Education drives nearly all of the world’s progress. So teachers, mentors, social workers, law enforcement officers, community activists and leaders in more than 100 nations set out in 2016 to teach and empower as many people as possible to lift society out of a dangerous slide.
100 million people
United for Human Rights, an international not-for-profit initiative headquartered in Los Angeles, educated 100 million people around the world about the 30 rights expressed in the Universal Declaration of Human Rights—the document adopted by a majority of nations in 1948 to help prevent a recurrence of the atrocities of World War II. United for Human Rights has partnered with 1,500 groups and organizations to distribute the Universal Declaration in 192 countries.
By educating individuals on their innate human rights, including the film The Story of Human Rights, 30 public service announcements and comprehensive educator tools, United for Human Rights and its companion program, Youth for Human Rights, have managed to improve people’s mindset and to change national policies. In Mexico, the country’s constitution now includes the Universal Declaration of Human Rights, in part due to the campaign tirelessly carried out by participants in Youth for Human Rights.
180 such laws passed to date
In another global human rights endeavor, the Citizens Commission on Human Rights (CCHR), founded by the Church of Scientology in 1969, is the world’s foremost mental health watchdog. CCHR, now with more than 250 chapters in 34 nations, has diminished psychiatric abuses dramatically. Participants employ CCHR’s array of documentaries, media, publications and exhibits to educate officials and members of the public, and to see that crimes are prosecuted and legislation is passed to protect citizens—with more than 180 such laws passed to date.
Education is also the essence of the Church-sponsored The Truth About Drugs campaign. Spearheaded by the Foundation for a Drug-Free World, it’s the largest nongovernmental drug information and prevention initiative anywhere. The Truth About Drugs materials have reached 200 million people worldwide.

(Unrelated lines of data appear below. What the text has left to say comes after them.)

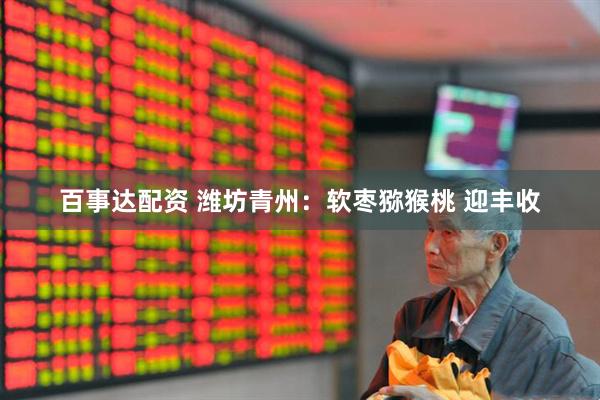 百事达配资 潍坊青州：软枣猕猴桃 迎丰收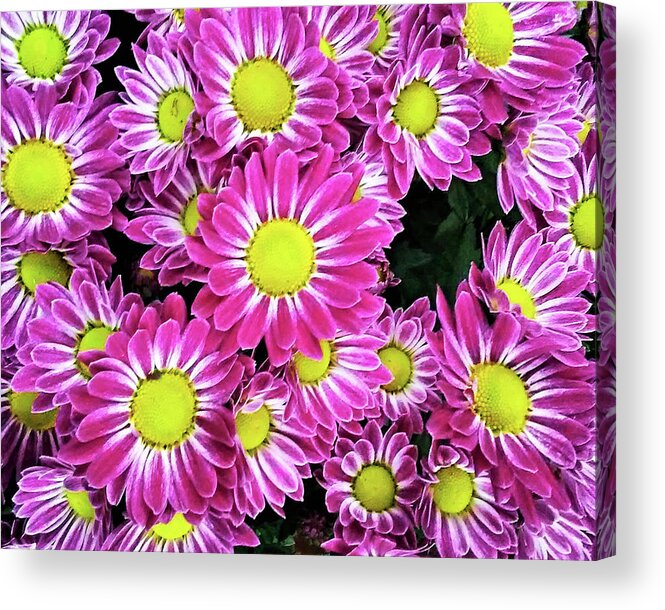 Daisies Acrylic Print featuring the photograph Daisies 2020 by Andrew Lawrence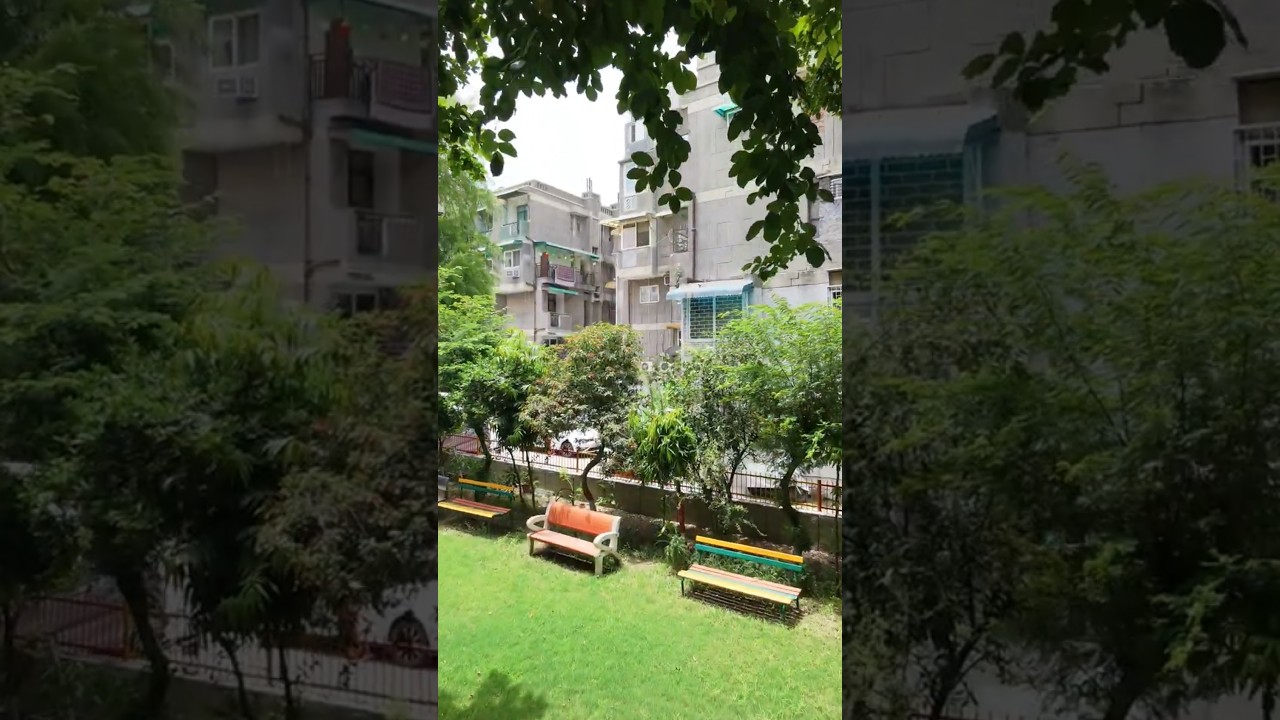 Beautiful Weather in Delhi 🌤️🍃Cool breeze, fresh air, and perfect vibes. 💚#DelhiWeather #shorts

25% decrease in drug abuse
Through a documentary film, 17 public service announcements, school lesson plans and 14 Truth About Drugs booklets describing commonly abused drugs, the campaign instills young people with facts, so they can make their own decisions. As a senator in the Italian Parliament said, “I want to congratulate you on the major role you played in bringing about a 25 percent decrease in drug abuse in our country. … I know you won’t consider your work done until the youth of our country are able to decide for themselves that a life can be lived without drugs.”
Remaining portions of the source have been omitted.